Pros: This film delivers three of the best performances I've seen in recent memory. Elizabeth Berry (Natalie Portman) is an actress who arrives in the picturesque Savannah, Georgia to meet with and study Gracie Atherton-Yoo (Julianne Moore) who is clearly and blatantly based on Mary Kay Letoureau, who had an affair with a teenager while she was in her thirties. Yet, Joe (Charlie Melton) claims that he's not the victim for the vast majority of the film. However, Elizabeth's presence disrupts the delicate family dynamic who may seem happy, but that's only on the surface. The film gently peels the complex layers of this film and Portman delivers one of the best monologues of the year as Gracie. Melton is also a revelation and Moore continues to deliver great performance after great performance.

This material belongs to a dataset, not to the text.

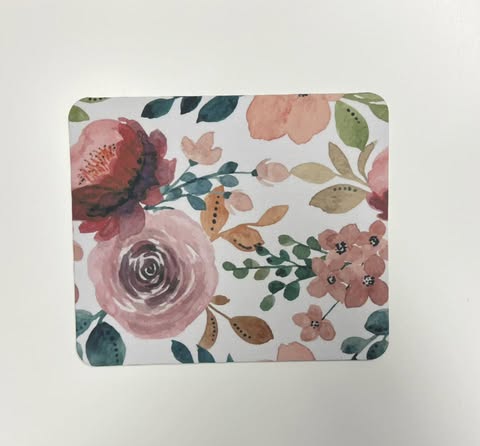 Floral Watercolor Mouse Pad – Pink & Green Garden Design, Non-Slip Office Desk Mat for Home, Laptop, or Workspace Decor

Cons: While there aren't any true cons, the opening credits are a bit odd and the music is a bit jarring at times, and the nuanced screenplay is just so meta, it's honestly annoying, but with that powerhouse, yet subtle ending, this film will force you to think for hours on end.
Recommend: Yes
Grade: A-
Side Notes:
-The couple's oldest daughter, born behind bars, is ironically named Honor (Piper Curda).
-You have to wonder how Gracie's first husband, Tom (D.W. Moffett) feels that her children with her second husband share his last name. The kids have the hyphenated Atherton-Yoo as their last name.
-The couple clearly had to sell their wedding pictures to pay for that giant house when she's a baker and he's an x-ray technician.
-Also ironically, Gracie has her twins graduating from high school the same year as her eldest grandson. Yeah, that's got to be weird.
-Gracie claims throughout the course of this film that she's both naïve (obviously) but also quite secure. You can't be both. And she's not secure as she comments how brave daughter Mary (Elizabeth Yu) is at wearing a dress that shows her bare arms. She also passes down the tradition of buying her daughters a scale when they graduate from high school, just as her mother did for her.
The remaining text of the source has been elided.